> Data for this exercise:
........

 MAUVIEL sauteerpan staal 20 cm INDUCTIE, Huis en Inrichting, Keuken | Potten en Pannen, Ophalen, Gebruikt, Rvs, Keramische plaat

........

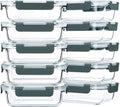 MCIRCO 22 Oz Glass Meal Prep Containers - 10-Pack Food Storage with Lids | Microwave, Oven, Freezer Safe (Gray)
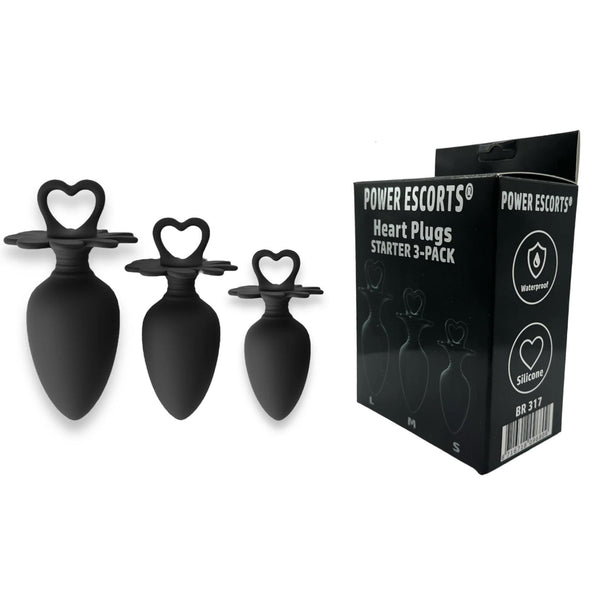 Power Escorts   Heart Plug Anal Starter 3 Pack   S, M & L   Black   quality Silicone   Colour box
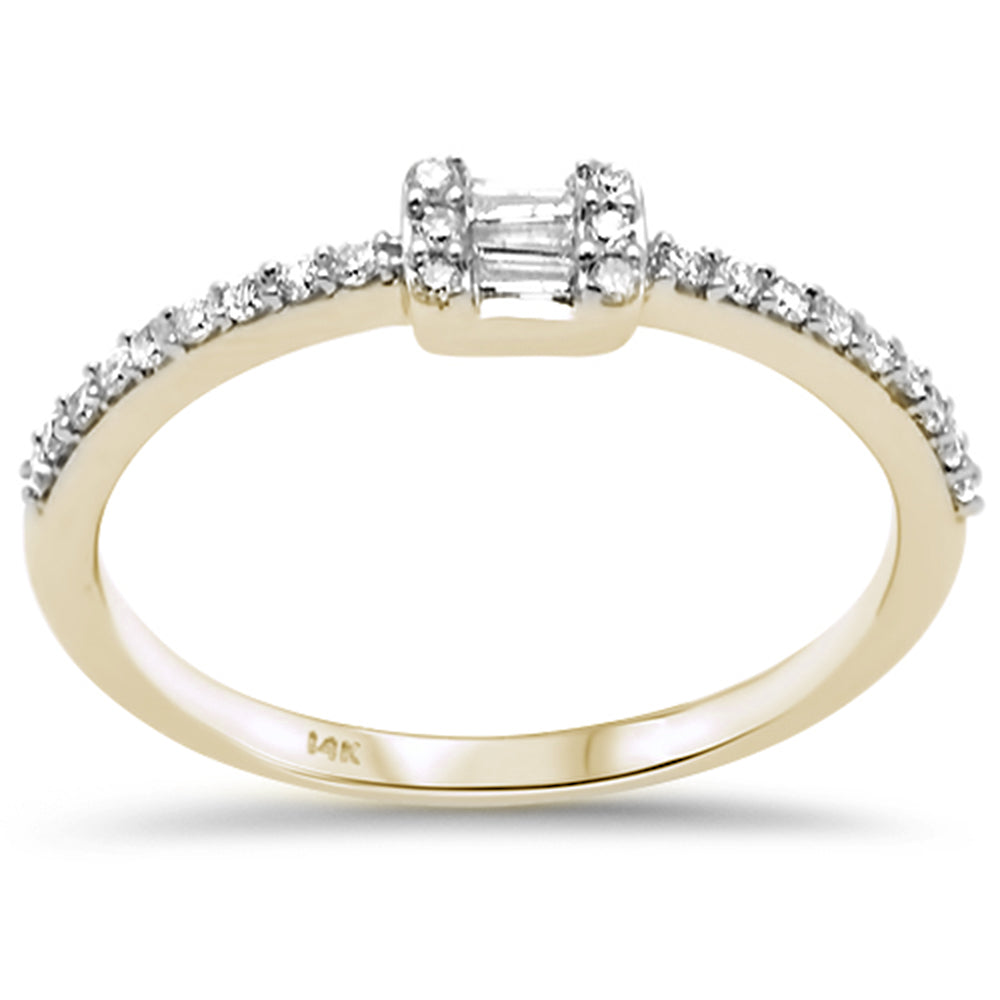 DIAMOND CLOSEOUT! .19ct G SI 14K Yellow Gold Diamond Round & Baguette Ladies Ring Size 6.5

........

> Work instruction: Word for word, retype the lines in the entries above that run from the one with "Heart Plug Anal" through the one with "DIAMOND CLOSEOUT! .19ct". Both ends count; pictures do not.

> Result of the exercise:
 Power Escorts   Heart Plug Anal Starter 3 Pack   S, M & L   Black   quality Silicone   Colour box
 DIAMOND CLOSEOUT! .19ct G SI 14K Yellow Gold Diamond Round & Baguette Ladies Ring Size 6.5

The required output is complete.